Asked if this could be done sooner, Mr Mackay said yesterday: “Yes, and I can tell you why. After we published the Growth Commission report, our economy and the financial position was improving. With the powers of independence, yes we can stimulate economic growth, grow our economy, get that notional deficit down.”

Ms Sturgeon has said that the people of Scotland must be offered the choice on independence to provide a longer-term alternative to the chaos of Brexit.

The report by the Sustainable Growth Commission last year proposed curbs on public spending in the fledgling years of a new Scottish state in order to bring down the deficit.

Scotland’s current deficit is £13bn, which is 7.8 per cent of GDP, according to the official Scottish Government figures for 2017-18. The Sustainable Growth Commission estimates the deficit would be 6 per cent at the point of independence and wants to bring this figure down to 3 per cent in line with EU rules, which it estimates would take between five and ten years.

But the SNP insists independence would unshackle the economy and mean enhanced growth, resulting in additional tax revenues that would offset the need for austerity.

The economic case for independence was widely seen as a major weakness in the Yes campaign of 2014.

“We’ve got austerity in ­Scotland and in the UK because it was the choice of the Conservatives – it was a political choice and it’s no longer a necessity,” Mr Mackay said in an interview yesterday.

“We can grow our economy, we can grow our public services, we can grow our GDP faster than being part of the UK that is subduing and now endangering our economy.”

He added: “The threat to our economy is Brexit. What we’ve shown is when we look at the small advanced economies in the world to see what they’ve got that we’ve not and what makes them so successful, the answer was independence.

“We could reduce that notional deficit. That’s the deficit for being part of the United Kingdom – accelerate the economic growth.

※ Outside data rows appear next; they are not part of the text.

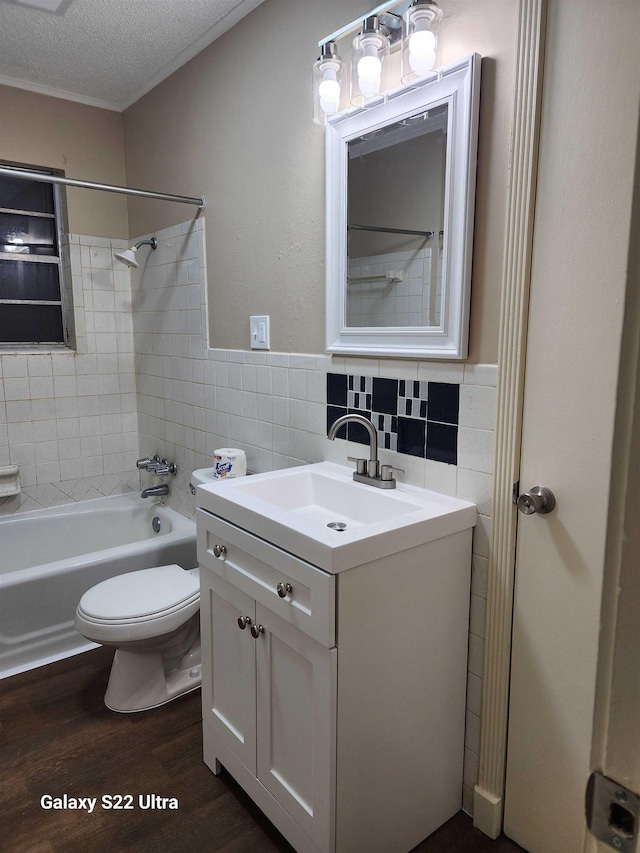 full bathroom with wood-type flooring, tile walls, vanity, toilet, and a textured ceiling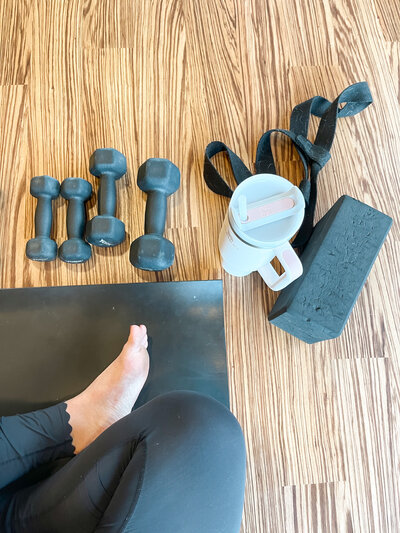 Woman's legs sitting on a yoga mat next to small dumbbells, a yoga block, and a Stanley water bottle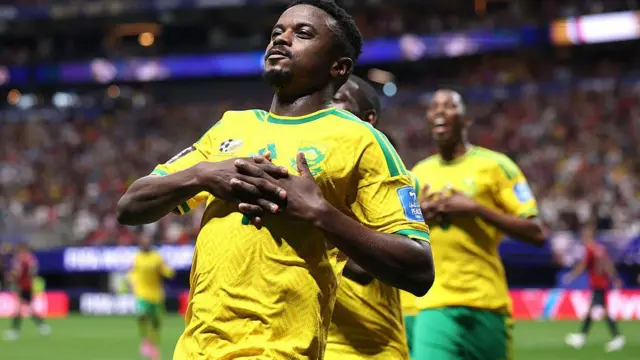 Teboho Mokoena of South Africa celebrate afta e score penalty for im team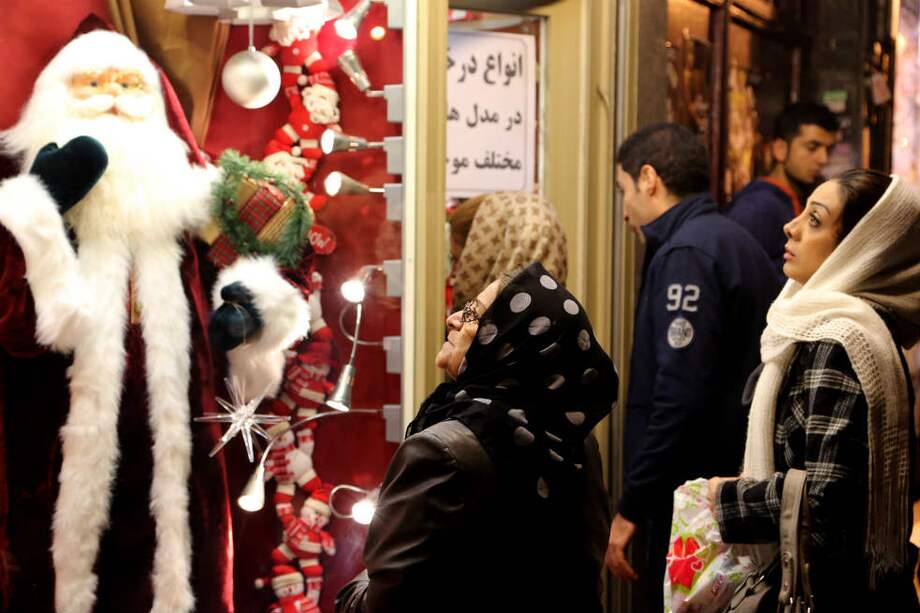 Mujeres iraníes observan una vitrina en la capital, Teherán, en donde se despliegan ornamentos para la Navidad. / AFP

In terms of the currency, move to that independent currency when we’re able to do so by setting out the tests that would guide us there.”

An independent Scotland would not adopt the euro if it rejoins the EU, Mr Mackay insisted – despite this being Brussels policy for new member states. The SNP pointed to Sweden, which has yet to adopt the single currency after 25 years in the EU.

“It’s not compulsory to join the euro,” Mr Mackay said. “We have the ambition to have an independent Scottish currency and set out a plan to take us there.”

But pro-Union opponents said the SNP’s plans would be a “recipe for deeper and tougher austerity”.

Murdo Fraser, Scottish Conservative shadow finance secretary said: “This is fantasy economics from Derek Mackay and the SNP.

“The idea that Scotland’s £13bn deficit can be halved within a few years without austerity is absurd.

“That would either require unprecedented cuts to public services, higher taxes or more borrowing – or more likely a toxic mix of all three.”

Labour leader Richard Leonard said a recent report by the Institute for Fiscal Studies compared the plan for deficit reduction set out in the Sustainable Growth Commission report with Westminster Tory austerity of recent years.